* _Directions for this task_
Reproduce exactly the entries from the "Banheiro da Suíte" line to the end. Skip all pictures.

* _Stored data_
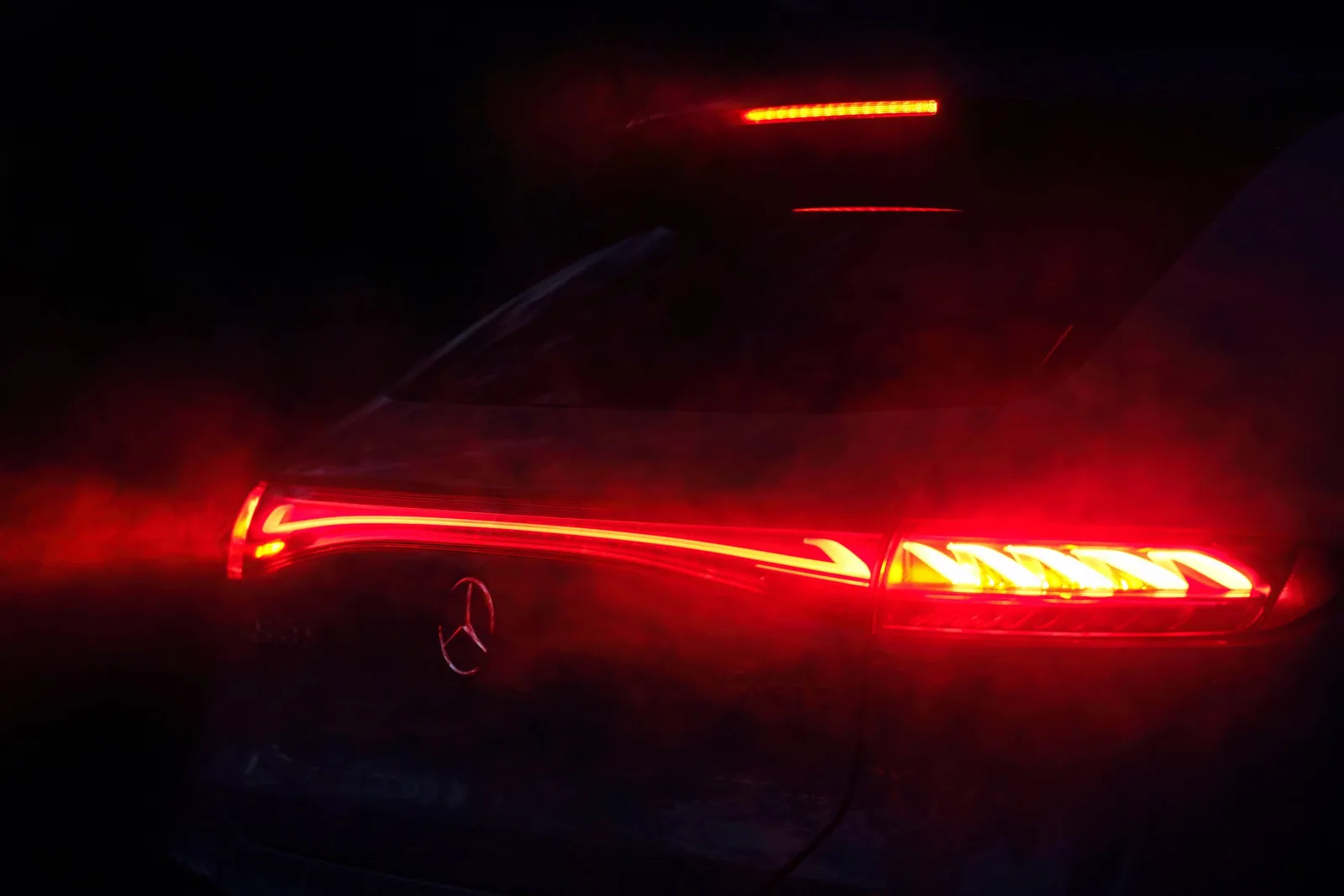 Better than a Tesla Model X? 2023 Mercedes-Benz EQS 580 4MATIC SUV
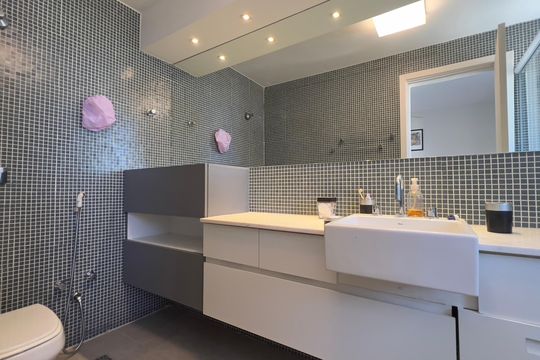 Banheiro da Suíte de apartamento para alugar com 3 quartos, 127m² em Sumarezinho, São Paulo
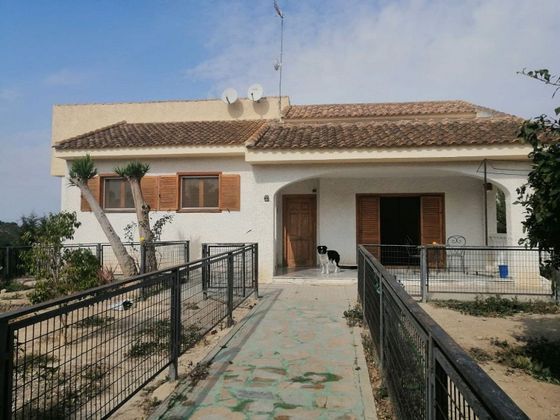 Foto 2 de Chalet en venta en La Alcayna de 6 habitaciones con terraza y piscina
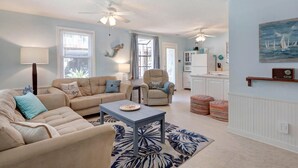 House, Multiple Beds (Marsh Magic) | Living room - Marsh Magic (Tybee Island)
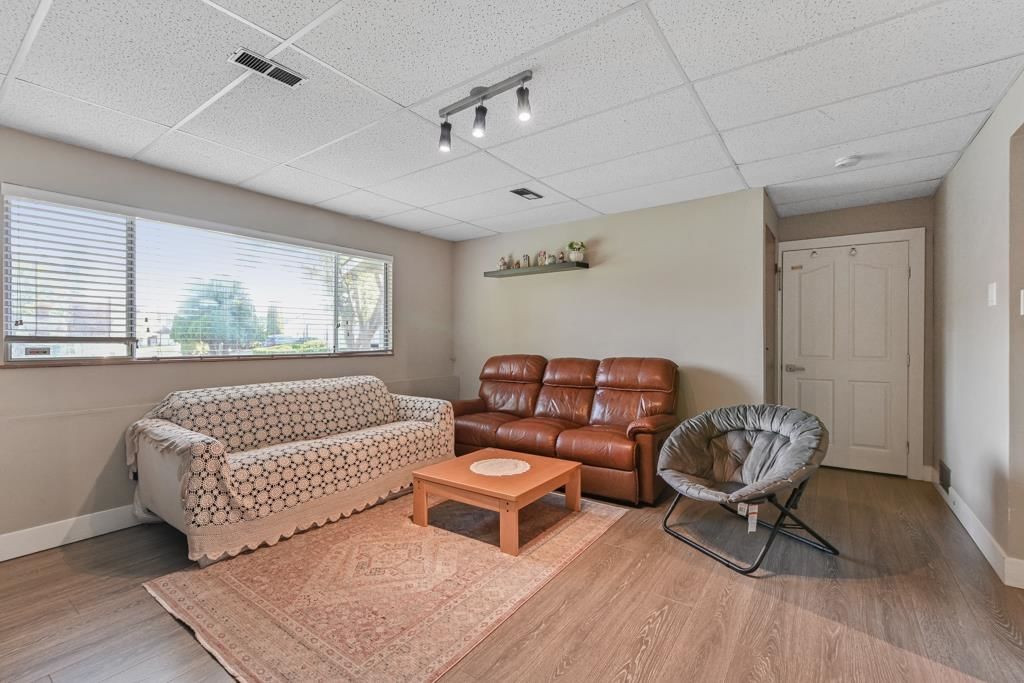 Listing Image 30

* _The answer_
 Banheiro da Suíte de apartamento para alugar com 3 quartos, 127m² em Sumarezinho, São Paulo
 Foto 2 de Chalet en venta en La Alcayna de 6 habitaciones con terraza y piscina
 House, Multiple Beds (Marsh Magic) | Living room - Marsh Magic (Tybee Island)
 Listing Image 30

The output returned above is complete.